- _INPUT DATA_:
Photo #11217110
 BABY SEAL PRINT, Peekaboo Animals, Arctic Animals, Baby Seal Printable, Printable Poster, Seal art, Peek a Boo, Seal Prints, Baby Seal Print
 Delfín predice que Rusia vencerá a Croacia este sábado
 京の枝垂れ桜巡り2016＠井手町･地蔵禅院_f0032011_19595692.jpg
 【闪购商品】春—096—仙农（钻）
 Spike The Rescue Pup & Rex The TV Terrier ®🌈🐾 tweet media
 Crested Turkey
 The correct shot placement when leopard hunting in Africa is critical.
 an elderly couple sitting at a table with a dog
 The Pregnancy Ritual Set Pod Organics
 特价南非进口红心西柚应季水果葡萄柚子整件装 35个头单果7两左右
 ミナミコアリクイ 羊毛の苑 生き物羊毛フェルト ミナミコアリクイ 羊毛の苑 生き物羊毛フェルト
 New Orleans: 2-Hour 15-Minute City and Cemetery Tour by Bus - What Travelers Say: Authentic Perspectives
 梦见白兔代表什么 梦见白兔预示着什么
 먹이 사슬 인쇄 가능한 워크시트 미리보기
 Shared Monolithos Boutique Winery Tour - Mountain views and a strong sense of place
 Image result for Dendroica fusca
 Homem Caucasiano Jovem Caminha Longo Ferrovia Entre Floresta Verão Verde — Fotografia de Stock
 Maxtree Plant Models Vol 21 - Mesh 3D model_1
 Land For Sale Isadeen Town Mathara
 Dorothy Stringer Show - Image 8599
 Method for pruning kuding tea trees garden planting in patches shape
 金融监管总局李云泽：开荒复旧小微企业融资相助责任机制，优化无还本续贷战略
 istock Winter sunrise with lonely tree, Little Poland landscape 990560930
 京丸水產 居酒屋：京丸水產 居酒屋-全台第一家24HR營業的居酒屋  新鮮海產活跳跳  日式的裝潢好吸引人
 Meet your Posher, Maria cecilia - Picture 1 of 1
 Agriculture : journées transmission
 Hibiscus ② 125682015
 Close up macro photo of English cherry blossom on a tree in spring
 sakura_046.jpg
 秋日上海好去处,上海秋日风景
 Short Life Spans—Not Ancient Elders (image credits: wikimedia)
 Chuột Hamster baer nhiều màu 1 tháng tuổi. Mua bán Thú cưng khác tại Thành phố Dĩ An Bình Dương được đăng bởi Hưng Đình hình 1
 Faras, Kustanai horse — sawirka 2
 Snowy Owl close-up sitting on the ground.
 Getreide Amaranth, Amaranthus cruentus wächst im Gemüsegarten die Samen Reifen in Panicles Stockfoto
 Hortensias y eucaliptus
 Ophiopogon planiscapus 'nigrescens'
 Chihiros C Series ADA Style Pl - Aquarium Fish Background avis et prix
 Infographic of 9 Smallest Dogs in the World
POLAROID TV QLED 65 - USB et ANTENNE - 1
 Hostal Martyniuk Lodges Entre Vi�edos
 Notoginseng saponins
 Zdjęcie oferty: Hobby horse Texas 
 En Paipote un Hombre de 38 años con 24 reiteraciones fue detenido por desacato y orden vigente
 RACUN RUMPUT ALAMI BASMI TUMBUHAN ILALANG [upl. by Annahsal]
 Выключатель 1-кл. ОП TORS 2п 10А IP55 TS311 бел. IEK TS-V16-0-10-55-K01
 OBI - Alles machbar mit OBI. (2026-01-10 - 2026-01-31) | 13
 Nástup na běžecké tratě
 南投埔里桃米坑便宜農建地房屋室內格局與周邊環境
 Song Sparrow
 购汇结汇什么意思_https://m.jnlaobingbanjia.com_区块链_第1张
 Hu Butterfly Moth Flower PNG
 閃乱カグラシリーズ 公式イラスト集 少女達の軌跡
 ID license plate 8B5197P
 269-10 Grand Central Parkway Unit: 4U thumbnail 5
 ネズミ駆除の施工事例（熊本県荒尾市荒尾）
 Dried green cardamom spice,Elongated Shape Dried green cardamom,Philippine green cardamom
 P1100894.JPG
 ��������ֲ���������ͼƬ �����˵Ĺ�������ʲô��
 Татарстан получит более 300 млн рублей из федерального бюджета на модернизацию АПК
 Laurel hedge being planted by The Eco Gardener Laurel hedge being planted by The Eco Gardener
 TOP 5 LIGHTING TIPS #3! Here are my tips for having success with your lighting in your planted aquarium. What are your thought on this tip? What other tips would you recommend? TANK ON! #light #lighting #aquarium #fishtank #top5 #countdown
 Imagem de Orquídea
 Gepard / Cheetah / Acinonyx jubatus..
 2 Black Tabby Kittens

- _EXERCISE BRIEF_: Where a line in the listing above includes the string "with", copy that line.

- _ANSWER BOX_:
 an elderly couple sitting at a table with a dog
 istock Winter sunrise with lonely tree, Little Poland landscape 990560930
 TOP 5 LIGHTING TIPS #3! Here are my tips for having success with your lighting in your planted aquarium. What are your thought on this tip? What other tips would you recommend? TANK ON! #light #lighting #aquarium #fishtank #top5 #countdown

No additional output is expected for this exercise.